▶ [WORK TASK]:
Every line of the entries with the word "фото" in it should be shown.
***** DATA
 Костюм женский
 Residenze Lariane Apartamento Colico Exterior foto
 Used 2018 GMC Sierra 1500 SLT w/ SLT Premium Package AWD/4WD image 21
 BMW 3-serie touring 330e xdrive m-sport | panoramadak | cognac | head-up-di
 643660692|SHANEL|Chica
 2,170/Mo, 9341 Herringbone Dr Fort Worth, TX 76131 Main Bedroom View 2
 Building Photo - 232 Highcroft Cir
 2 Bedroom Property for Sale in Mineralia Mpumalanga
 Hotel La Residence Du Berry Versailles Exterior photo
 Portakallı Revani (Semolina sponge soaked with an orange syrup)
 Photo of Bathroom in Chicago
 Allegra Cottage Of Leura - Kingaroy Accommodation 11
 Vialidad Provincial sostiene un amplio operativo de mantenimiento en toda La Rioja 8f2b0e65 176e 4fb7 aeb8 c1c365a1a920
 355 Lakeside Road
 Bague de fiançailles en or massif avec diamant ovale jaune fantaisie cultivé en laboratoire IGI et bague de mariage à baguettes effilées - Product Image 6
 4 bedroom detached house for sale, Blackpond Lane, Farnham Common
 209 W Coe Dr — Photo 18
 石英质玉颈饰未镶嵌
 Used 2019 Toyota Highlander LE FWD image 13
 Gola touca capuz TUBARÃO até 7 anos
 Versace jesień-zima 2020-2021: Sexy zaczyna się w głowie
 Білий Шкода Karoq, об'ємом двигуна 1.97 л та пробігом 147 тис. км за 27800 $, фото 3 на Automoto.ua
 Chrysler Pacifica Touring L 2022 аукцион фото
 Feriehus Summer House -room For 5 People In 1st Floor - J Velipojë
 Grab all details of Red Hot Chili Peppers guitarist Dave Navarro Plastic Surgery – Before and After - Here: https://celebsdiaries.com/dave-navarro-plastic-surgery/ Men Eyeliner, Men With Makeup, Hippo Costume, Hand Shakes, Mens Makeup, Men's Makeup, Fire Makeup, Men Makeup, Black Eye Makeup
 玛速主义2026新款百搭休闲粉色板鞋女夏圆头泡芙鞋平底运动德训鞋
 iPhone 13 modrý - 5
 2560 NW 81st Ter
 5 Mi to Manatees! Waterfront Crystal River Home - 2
**********
▶ [COMPLETED EXERCISE]:
 Білий Шкода Karoq, об'ємом двигуна 1.97 л та пробігом 147 тис. км за 27800 $, фото 3 на Automoto.ua
 Chrysler Pacifica Touring L 2022 аукцион фото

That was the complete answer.